**** Task material ****

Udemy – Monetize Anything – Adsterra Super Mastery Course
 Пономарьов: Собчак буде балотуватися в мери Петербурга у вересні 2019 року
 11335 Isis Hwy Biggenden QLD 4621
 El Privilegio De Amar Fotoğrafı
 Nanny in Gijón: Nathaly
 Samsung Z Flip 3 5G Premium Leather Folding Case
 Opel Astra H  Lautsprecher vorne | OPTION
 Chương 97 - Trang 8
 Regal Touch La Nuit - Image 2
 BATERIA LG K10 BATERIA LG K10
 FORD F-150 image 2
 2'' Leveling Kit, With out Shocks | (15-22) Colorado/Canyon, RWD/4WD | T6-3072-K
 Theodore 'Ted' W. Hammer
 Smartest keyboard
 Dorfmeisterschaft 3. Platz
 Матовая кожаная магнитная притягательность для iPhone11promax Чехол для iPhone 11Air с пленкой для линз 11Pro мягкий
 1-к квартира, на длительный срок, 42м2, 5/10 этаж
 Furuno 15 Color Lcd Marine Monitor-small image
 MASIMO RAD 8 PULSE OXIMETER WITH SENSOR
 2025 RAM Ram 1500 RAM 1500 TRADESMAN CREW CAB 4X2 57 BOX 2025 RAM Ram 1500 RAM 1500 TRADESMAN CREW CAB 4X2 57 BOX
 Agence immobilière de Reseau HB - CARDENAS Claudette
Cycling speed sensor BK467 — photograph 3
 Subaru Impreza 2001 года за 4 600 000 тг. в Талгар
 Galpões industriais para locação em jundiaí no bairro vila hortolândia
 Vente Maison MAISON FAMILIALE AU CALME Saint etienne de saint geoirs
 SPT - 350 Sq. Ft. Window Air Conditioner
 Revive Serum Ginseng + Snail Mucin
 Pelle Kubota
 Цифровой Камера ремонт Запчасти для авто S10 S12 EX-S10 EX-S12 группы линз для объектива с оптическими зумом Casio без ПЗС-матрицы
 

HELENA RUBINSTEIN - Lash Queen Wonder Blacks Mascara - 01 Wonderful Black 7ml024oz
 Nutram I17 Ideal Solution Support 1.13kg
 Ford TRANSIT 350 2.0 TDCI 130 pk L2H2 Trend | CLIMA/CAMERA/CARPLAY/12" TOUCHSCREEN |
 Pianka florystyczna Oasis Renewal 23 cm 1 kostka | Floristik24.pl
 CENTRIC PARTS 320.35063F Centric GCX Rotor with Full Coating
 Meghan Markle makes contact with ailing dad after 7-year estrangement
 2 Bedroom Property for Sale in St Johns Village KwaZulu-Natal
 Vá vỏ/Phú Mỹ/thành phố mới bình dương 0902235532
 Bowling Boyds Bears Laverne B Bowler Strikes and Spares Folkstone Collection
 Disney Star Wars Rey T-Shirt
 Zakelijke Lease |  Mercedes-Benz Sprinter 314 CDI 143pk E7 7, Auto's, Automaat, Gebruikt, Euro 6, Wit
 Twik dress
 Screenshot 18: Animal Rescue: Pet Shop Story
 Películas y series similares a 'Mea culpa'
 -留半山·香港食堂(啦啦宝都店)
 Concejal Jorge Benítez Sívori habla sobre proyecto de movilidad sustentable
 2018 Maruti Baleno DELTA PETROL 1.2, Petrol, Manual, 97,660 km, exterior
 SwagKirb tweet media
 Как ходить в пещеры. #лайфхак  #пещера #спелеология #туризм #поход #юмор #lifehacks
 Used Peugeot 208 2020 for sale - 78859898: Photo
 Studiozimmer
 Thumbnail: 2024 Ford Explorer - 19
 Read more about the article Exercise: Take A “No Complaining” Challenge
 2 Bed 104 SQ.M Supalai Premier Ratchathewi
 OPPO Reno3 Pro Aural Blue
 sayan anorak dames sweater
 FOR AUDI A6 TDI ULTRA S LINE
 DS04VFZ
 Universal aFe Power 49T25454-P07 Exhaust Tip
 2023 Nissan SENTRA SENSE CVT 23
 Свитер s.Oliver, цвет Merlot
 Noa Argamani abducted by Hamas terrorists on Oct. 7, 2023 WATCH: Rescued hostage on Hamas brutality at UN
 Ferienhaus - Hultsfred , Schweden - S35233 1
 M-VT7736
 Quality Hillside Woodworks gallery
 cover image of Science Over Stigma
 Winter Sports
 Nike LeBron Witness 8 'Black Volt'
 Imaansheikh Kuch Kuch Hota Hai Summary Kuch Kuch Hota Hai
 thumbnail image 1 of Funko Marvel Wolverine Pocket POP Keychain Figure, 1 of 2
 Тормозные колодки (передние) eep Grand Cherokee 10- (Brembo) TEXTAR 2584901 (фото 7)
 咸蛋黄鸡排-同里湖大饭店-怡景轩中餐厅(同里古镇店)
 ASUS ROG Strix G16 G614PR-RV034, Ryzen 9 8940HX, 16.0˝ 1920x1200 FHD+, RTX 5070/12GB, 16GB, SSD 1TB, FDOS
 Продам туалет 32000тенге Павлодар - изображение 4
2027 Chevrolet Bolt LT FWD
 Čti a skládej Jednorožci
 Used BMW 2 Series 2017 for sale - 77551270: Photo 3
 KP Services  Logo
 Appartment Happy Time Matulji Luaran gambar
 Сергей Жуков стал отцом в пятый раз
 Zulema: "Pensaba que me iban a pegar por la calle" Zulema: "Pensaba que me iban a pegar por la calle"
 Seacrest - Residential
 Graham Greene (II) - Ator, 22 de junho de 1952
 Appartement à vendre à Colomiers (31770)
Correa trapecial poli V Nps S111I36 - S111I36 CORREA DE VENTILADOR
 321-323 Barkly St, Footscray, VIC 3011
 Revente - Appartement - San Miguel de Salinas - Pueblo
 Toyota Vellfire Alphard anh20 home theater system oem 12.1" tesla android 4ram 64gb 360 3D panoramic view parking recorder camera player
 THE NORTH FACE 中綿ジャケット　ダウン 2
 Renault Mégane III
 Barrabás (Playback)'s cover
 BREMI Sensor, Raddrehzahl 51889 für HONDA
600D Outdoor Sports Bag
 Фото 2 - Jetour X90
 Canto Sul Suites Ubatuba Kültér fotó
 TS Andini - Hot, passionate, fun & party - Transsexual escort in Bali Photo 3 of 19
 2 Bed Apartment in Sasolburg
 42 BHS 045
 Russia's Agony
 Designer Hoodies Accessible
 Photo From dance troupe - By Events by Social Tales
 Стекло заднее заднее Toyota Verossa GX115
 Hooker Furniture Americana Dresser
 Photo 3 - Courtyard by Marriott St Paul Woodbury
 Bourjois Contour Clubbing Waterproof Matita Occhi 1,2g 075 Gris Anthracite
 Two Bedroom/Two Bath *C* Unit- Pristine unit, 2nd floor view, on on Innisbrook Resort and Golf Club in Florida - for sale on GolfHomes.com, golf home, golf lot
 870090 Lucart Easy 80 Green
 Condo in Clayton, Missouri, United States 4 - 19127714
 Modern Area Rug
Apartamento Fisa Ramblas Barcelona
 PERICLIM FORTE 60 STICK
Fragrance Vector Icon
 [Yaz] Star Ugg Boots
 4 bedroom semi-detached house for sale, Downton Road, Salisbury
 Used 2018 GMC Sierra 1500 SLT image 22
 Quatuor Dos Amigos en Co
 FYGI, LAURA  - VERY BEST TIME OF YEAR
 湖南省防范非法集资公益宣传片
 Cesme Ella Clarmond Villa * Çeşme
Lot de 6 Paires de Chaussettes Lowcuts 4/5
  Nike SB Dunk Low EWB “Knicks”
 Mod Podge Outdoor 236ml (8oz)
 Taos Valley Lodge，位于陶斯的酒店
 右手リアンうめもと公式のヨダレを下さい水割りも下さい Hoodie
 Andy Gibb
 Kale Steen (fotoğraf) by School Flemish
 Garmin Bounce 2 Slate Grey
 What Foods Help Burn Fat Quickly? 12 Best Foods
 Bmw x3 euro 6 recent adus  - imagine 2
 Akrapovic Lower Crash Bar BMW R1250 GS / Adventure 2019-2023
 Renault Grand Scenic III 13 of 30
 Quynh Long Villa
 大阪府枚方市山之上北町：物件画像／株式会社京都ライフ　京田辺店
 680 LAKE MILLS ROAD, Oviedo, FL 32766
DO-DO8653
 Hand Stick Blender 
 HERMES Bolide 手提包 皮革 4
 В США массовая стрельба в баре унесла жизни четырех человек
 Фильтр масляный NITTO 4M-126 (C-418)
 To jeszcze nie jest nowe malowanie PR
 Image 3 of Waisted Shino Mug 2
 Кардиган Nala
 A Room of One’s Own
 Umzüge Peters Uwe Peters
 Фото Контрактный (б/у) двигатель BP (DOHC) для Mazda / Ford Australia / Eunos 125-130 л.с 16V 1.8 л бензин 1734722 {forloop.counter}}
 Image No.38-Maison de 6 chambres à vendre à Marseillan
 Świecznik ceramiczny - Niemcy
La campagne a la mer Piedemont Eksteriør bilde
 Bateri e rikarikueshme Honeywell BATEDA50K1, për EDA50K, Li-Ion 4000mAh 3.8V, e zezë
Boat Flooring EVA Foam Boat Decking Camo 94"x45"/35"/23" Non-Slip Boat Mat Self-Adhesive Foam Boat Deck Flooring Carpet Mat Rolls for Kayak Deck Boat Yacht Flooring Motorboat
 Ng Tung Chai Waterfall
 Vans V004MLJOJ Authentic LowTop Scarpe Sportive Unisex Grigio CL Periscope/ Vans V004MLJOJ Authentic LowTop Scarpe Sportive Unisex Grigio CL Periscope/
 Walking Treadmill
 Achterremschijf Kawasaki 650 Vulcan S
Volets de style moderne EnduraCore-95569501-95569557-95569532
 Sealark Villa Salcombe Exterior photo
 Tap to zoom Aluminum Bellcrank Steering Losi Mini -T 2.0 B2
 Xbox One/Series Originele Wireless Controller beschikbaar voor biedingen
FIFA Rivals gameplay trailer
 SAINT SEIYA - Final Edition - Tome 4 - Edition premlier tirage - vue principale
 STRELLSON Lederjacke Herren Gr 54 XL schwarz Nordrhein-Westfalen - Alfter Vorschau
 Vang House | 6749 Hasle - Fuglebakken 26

****

Task statement: Above are the records; repeat exactly the lines from the one holding "咸蛋黄鸡排-同里湖大饭店-怡景轩中餐厅(同里古镇店)" down to the one holding "Сергей Жуков стал отцом в пятый раз", end lines included.

Result below:
 咸蛋黄鸡排-同里湖大饭店-怡景轩中餐厅(同里古镇店)
 ASUS ROG Strix G16 G614PR-RV034, Ryzen 9 8940HX, 16.0˝ 1920x1200 FHD+, RTX 5070/12GB, 16GB, SSD 1TB, FDOS
 Продам туалет 32000тенге Павлодар - изображение 4
2027 Chevrolet Bolt LT FWD
 Čti a skládej Jednorožci
 Used BMW 2 Series 2017 for sale - 77551270: Photo 3
 KP Services  Logo
 Appartment Happy Time Matulji Luaran gambar
 Сергей Жуков стал отцом в пятый раз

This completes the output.